Would it be possible to talk with her about this during a calm time?

Such a time could possibly arise, but I feel at this point in time it would be digging up a preventable hostile situation. The children are a major vulnerable spot for her.

What is your living situation at the moment? Are you still living with your parents? If so I imagine this complicates things a bit further?

She moved back to a friend's house last night. Not because of her, not because of me, but because of my father. He lost the plot over guests coming over for dinner and him not being asked (she asked my mum though!) and lectured her with extreme overbearing anger (which frightened her to no end) over respect etc. He has his own host of mental illness problems. I recommended she leave for a couple of nights as she deserves to feel safe, but I have a feeling it will be a permanent arrangement until settlement for our own house (two months).

Has she taken both the children with her? Does this feel okay? Is her friend capable of keeping an eye on her if she has the children? Are you able to see them most days?

And then re talking to her during this time, I understand that the children are a vulnerable spot for her, perhaps this could work in your favour, and appeal to the side of her that Knows that sometimes her children need to feel safe and secure and sometimes she is unable to do this? Like appealing to the best in her? Do you think she would hear this?

DHS have given me a 24 hours phone number that I can call in emergencies and it was their suggestion that I remove the children from abusive outbursts, so I guess they have some kind of support system in place (probably emergency accommodation or something, which I'd rather avoid at all costs).

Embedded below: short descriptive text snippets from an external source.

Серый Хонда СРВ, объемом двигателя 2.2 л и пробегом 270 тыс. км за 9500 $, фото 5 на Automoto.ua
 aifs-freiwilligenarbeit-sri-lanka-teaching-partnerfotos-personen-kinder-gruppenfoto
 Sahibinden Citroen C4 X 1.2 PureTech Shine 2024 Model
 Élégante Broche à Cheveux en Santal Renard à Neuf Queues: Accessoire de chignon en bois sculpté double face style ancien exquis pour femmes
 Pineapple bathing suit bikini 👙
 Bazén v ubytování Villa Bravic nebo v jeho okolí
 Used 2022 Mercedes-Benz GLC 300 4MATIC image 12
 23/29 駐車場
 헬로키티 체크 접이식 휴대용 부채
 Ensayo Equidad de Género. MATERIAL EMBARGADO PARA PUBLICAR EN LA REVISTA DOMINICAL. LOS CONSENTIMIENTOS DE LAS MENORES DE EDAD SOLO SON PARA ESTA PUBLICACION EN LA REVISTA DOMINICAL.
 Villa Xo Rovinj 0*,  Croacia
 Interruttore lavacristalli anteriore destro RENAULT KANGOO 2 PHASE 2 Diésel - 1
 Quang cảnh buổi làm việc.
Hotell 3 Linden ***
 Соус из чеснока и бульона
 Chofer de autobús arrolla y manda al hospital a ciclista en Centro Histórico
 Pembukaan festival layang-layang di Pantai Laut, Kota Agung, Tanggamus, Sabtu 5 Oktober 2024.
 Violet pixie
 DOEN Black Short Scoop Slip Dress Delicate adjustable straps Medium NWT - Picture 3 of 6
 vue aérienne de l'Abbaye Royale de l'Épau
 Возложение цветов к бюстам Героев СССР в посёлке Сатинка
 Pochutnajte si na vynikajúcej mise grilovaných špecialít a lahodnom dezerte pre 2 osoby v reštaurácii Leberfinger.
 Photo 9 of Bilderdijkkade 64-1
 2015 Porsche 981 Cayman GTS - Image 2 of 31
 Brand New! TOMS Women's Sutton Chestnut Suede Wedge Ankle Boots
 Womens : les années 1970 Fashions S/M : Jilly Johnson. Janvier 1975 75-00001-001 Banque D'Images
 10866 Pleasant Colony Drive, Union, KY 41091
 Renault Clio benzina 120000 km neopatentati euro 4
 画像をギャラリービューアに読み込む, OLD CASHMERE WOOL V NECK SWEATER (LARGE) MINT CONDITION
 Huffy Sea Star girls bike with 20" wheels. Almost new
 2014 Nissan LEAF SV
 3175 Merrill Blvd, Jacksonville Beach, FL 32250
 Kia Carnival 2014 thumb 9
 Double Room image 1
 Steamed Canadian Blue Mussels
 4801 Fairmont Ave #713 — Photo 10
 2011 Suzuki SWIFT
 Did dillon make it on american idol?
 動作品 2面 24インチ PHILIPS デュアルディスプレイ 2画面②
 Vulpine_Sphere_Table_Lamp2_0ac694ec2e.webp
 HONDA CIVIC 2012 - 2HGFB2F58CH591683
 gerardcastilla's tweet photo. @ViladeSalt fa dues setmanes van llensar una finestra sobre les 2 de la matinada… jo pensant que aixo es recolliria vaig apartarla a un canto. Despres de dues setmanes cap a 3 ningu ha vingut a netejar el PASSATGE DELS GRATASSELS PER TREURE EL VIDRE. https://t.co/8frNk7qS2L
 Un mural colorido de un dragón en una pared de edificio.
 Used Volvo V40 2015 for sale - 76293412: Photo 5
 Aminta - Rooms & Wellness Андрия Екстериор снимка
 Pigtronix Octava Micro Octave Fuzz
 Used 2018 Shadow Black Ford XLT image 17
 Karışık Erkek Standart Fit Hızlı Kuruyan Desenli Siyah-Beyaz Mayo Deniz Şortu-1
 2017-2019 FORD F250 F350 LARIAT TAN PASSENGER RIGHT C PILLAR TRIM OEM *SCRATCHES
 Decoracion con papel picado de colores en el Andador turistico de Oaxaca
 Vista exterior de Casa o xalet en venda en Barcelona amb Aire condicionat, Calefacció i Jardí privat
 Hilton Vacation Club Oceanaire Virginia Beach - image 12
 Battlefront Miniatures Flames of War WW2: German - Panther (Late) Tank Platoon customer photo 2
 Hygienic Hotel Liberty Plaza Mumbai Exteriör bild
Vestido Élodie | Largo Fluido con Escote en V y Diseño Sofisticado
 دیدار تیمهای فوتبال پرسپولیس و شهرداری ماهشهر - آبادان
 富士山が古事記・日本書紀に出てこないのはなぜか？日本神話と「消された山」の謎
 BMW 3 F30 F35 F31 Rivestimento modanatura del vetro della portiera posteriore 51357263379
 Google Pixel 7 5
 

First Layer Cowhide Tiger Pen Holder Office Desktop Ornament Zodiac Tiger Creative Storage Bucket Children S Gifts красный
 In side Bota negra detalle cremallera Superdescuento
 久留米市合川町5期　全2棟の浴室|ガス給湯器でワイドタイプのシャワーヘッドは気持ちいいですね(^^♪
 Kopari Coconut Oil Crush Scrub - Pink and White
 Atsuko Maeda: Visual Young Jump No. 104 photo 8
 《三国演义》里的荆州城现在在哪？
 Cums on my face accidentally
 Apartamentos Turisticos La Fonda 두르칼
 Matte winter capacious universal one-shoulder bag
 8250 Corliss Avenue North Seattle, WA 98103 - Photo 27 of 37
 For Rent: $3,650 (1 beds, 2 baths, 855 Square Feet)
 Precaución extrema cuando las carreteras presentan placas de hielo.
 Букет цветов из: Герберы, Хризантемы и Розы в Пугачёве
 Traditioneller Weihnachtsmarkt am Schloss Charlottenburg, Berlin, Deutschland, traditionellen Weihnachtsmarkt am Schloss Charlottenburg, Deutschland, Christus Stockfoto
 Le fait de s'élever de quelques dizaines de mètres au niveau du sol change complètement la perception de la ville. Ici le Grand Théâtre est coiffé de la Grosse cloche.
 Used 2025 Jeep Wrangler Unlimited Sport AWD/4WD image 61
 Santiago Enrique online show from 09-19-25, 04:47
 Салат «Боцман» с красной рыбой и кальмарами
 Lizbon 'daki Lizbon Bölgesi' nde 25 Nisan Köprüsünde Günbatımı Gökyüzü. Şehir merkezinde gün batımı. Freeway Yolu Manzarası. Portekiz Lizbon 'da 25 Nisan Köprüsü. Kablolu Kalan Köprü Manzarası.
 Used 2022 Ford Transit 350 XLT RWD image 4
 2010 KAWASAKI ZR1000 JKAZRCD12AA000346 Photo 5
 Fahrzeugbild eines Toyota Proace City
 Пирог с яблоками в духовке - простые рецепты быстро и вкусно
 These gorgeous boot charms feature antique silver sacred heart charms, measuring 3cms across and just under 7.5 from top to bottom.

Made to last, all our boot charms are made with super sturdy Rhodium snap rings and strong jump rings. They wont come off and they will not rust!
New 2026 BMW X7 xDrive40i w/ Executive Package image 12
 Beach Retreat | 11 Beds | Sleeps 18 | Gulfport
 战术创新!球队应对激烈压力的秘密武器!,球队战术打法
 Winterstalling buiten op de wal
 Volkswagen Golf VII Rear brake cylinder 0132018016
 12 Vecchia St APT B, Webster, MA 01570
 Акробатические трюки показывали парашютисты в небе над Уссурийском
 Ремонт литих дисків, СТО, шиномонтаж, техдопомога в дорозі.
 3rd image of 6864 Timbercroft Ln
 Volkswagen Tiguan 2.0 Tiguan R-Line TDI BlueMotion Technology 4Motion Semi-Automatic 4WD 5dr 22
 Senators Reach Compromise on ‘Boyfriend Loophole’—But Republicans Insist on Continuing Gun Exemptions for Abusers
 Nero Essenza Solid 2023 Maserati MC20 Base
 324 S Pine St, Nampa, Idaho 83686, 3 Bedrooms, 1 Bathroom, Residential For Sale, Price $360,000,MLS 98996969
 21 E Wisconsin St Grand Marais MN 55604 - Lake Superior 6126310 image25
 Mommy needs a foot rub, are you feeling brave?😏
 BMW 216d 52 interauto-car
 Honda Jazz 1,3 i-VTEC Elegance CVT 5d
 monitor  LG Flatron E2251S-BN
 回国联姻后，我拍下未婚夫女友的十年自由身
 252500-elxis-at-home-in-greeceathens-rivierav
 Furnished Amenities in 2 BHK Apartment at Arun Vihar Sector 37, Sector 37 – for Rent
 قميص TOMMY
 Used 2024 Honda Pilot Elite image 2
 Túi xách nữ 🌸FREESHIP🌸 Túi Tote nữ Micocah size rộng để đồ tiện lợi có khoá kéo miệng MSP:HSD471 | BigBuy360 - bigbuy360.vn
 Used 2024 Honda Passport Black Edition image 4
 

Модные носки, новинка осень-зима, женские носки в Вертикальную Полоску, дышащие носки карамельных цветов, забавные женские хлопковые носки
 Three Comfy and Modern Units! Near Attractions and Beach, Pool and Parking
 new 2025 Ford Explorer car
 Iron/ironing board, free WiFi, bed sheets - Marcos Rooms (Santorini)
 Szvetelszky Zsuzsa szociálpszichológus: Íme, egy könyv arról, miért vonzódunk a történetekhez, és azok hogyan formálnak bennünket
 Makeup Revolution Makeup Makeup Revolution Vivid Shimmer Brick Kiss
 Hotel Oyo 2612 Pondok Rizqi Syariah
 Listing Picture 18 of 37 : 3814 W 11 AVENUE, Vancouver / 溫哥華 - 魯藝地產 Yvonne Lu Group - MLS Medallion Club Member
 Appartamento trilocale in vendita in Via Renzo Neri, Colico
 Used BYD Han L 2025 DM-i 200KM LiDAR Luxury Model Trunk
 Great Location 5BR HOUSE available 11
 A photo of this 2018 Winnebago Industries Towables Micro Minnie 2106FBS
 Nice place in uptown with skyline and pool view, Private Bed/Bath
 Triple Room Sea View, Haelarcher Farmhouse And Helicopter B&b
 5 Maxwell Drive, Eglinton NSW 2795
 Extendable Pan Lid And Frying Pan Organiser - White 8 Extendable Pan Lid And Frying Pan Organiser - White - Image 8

This is great that you have this number, I totally hear that you wish to avoid this at all costs, but would it be a possibility to use this as a boundary? Obviously you have to be willing to follow through of course, but could this be an option instead of time-outs? "When you rage/don't allow me to take a timeout/I feel it is not in the kids best interest to leave them with you... .  I will call this number". Could this help the situations where she withdraws and gets suicidal?

It's a hard call, because generally I think she is a fantastic mother who would sacrifice every minute of her day to provide for them. In fact allowing no room for herself is a part of why things got so bad for her. Since I enforced a boundary involving the toddler going to daycare and encouraged her to allow me to care for the baby so she can rediscover herself, things have been improving. The hospital mostly worked on reinforcing that she has a right to put herself first from time to time, to look after her needs, and that it is not a blatant failure to ask for help; that the kids can be cared for and loved by others etc

... .  

Early intervention is obviously going to be the key - ie time-outs BEFORE she becomes too dysregulated to soothe herself or become incapable of caring for the kids, but things escalate soo quickly and it's so hard to predict. For example, the event that triggered her last time was that there was some mould on a pram that hadn't been used since she went into hospital. According to her, I should've noticed it (as I walked past it daily) and cleaned it. I took every effort to validate her, but the positive spin-offs I used to try and re-direct the conversation were interpreted as invalidation and things just spiraled from there. So yeah, impossible to predict.

Awesome that you are helping her to take time for herself! And yes to early intervention, and the continual validating. ZigZiglar, it is obvious you care for her. Your situation is very challenging, and you are doing great and asking all the right things.